* _Task goal_
While reading through the material below, copy each line that holds the word "Drive".

━━━ Material for this exercise ━━━

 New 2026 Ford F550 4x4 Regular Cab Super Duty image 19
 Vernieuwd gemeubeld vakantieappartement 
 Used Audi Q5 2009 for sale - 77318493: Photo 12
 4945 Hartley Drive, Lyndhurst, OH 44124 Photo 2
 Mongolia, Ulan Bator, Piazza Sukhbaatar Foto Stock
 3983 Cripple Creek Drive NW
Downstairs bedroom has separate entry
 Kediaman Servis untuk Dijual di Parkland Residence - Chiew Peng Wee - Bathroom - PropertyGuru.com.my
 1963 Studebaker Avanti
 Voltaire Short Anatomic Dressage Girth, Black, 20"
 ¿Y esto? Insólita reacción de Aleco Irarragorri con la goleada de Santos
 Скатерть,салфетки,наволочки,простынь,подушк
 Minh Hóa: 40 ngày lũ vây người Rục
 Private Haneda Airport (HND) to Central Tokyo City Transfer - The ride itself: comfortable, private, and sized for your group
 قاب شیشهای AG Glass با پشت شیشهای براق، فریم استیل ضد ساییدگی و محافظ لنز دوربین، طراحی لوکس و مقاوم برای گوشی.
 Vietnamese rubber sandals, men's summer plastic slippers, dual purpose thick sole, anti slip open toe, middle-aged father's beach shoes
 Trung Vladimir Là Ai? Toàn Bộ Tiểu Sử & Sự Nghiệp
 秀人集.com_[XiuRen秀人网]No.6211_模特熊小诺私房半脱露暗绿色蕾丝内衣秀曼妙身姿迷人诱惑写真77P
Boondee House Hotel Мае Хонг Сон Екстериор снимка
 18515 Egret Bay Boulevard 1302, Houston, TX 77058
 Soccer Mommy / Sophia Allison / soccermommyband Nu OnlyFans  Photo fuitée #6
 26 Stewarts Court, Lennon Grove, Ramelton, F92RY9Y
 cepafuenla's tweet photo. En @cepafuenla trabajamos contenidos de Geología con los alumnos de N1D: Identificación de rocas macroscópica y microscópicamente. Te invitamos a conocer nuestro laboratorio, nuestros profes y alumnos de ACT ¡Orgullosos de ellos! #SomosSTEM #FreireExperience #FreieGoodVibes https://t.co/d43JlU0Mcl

━━━

* _Problem solution_
 4945 Hartley Drive, Lyndhurst, OH 44124 Photo 2
 3983 Cripple Creek Drive NW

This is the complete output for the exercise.